Mapping Paths to Family Justice: Resolving Family Disputes in Neoliberal Times (Palgrave, 2017)
Book on Mapping Paths to Family Justice announced as winner of prestigious Hart-SLSA 2018 Book Prize
Anne Barlow and colleagues' book Mapping Paths to Family Justice: Resolving Family Disputes in Neoliberal Times (Palgrave, 2017) was the winner of the prestigious Hart-Socio-Legal Studies Association Book Prize 2018.
The book is based on three year ESRC-funded socio-legal research project, Mapping Paths to Family Justice, led by Exeter Law School. The project investigated the three major forms of out-of-court family dispute resolution in England and Wales. In their book, co-authors Anne Barlow (Exeter, Law), Rosemary Hunter (QMU, Law), Janet Smithson (Exeter, Psychology) and Jan Ewing (Exeter, Law) have mapped, analysed and written up the findings of their empirical study. They also consider the implications of the experiences captured in the context of ongoing neoliberal reforms to the family justice system for policy and practice.
The family justice system in England and Wales has undergone radical change over the past 20 years. A significant part of this shifting landscape has been an increasing emphasis on settling private family disputes out of court, which has been embraced by policy-makers, judges and practitioners alike and is promoted as an unqualified good.
The Mapping Paths to Family Justice Study examined the experiences of people taking part in out-of-court family dispute resolution in England and Wales. It addressed questions such as how participants' experiences match up to the ideal; how recent changes to the legal system and legal aid system have affected people's ability to access out of court dispute resolution processes and what kind of outcomes are achieved in the different processes.

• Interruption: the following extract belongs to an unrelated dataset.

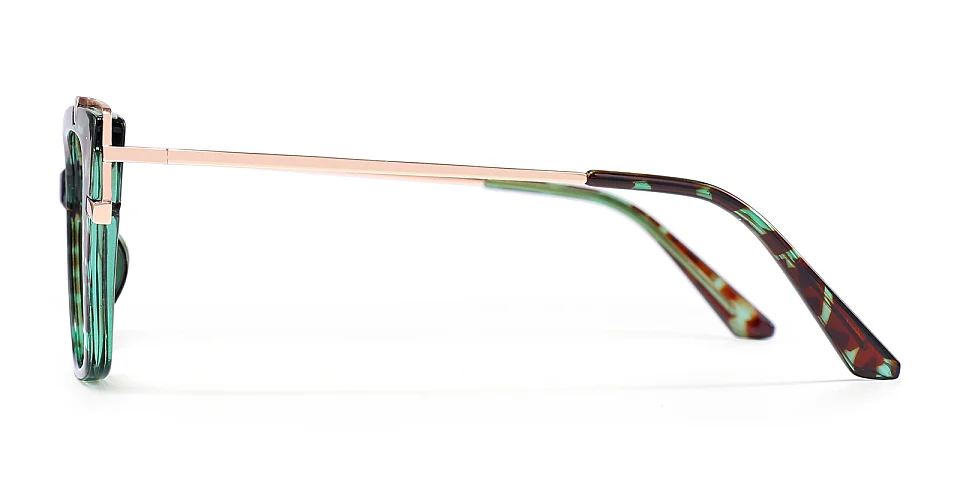 Loup green tortoise   Plastic  Eyeglasses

The book is the first systematic study to compare the different forms of out of court family dispute resolution- mediation, solicitor negotiations and collaborative law - empirically. It analyses the findings from a nationally representative survey, individual in-depth interviews with parties and practitioners and recorded family dispute resolution processes. It considers these experiences in the context of ongoing neoliberal reforms to the family justice system, drawing out conclusions and implications for policy and practice.